WORK TO COMPLETE >> What lines in this listing contain the string "Used"? Report each one by copying it.

INFORMATION PROVIDED >>
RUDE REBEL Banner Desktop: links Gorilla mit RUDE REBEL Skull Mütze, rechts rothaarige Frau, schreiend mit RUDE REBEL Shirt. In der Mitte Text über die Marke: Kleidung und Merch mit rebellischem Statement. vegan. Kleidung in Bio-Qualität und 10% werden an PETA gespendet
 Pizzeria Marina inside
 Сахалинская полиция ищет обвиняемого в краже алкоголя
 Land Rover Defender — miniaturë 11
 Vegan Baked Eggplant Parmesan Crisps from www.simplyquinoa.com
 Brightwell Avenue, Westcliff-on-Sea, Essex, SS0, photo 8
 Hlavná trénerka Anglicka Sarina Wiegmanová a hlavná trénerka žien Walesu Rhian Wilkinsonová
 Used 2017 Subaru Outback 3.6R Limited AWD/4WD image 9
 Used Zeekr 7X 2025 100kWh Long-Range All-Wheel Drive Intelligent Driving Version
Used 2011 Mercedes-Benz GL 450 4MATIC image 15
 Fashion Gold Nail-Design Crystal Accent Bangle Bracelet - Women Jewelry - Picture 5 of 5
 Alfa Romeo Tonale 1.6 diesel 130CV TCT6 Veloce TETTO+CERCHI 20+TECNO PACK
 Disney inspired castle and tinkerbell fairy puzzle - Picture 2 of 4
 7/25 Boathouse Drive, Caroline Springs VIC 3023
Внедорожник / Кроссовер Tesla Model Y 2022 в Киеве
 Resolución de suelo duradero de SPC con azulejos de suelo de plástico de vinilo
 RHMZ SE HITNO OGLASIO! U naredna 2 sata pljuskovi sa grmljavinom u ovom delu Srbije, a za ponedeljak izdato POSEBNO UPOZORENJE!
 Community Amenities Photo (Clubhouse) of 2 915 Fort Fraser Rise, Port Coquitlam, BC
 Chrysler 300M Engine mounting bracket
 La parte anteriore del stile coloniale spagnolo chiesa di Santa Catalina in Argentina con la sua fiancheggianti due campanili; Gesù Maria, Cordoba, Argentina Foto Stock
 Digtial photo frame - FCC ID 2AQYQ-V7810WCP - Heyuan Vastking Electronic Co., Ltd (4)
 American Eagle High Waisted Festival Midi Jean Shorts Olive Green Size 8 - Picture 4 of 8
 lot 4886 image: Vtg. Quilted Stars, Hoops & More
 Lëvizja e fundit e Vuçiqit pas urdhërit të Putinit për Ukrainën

ANSWER TO THIS PROBLEM >>
 Used 2017 Subaru Outback 3.6R Limited AWD/4WD image 9
 Used Zeekr 7X 2025 100kWh Long-Range All-Wheel Drive Intelligent Driving Version
Used 2011 Mercedes-Benz GL 450 4MATIC image 15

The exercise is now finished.